A growing problem with lateness on the Regional Rail lines in the last year is driving SEPTA to make big changes to its schedule, agency officials said Wednesday.

Those changes will begin Sunday throughout SEPTA's Regional Rail network, but the biggest adjustments will be on the Warminster and West Trenton Lines. Those lines will now terminate at 30th Street Station instead of at Philadelphia International Airport. There also will be a new, shortened Airport Line.

West Trenton Line trains were on time 76 percent of the time in October, officials said. The same month, the Warminster Line trains were on time 84 percent of the time, and Airport Line trains were on time 83 percent of the time. The changes are designed to bring the on-time rate on those lines up to SEPTA's standard of 92 percent.

For passengers on the Warminster and West Trenton Lines, the biggest change will be the need to transfer to reach University City or the airport, officials said. During off-peak hours, those two lines will no longer stop at Elkins Park, Melrose Park, and Wayne Junction.

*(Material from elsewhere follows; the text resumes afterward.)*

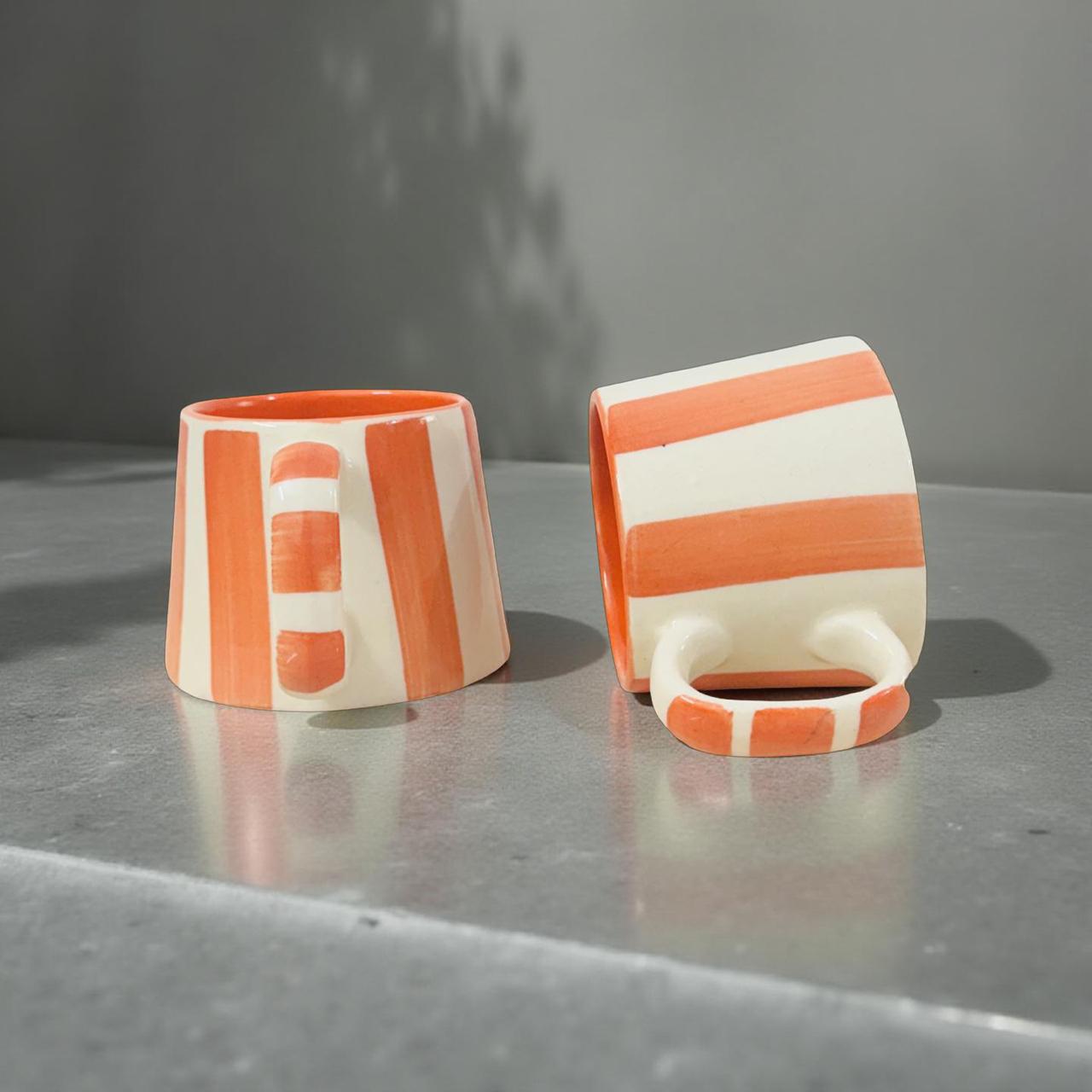 Two ceramic cups with orange and white stripes on a gray surface.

Meanwhile, the Airport Line will run only from Temple University to the airport during peak hours, and from Jenkintown to the airport during off-peak hours. The net result of the alterations should keep the same number of trains, and in some cases more, serving all stations.

"These are three lines that should see an incredible on-time improvement," said Ronald Hopkins, SEPTA's chief operations officer.

Delays have numerous causes, but among them are two bottlenecks. Three lines use a route between Jenkintown and Wayne Junction that have only one track in each direction. Another bottleneck is near North Broad, where six lines use two tracks in each direction.

In addition, higher ridership creates delays. On average, 8,434 people use the Warminster Line and 12,711 use the West Trenton Line on a weekday. The ridership numbers mean a train's dwelling time - that is, time spent at a station - is growing. More passengers need more time to board.

SEPTA officials believe shortening routes and running express trains will resolve delays.

Implementing the new schedule has been laborious, Hopkins said, noting that it took months of analysis and computer modeling. And the process has not been without problems. A set of printed schedules distributed earlier this week had minor errors. They will have to be reprinted at a cost of $15,000 to $20,000, officials said.

SEPTA's website, www.septa.org, has new schedule details.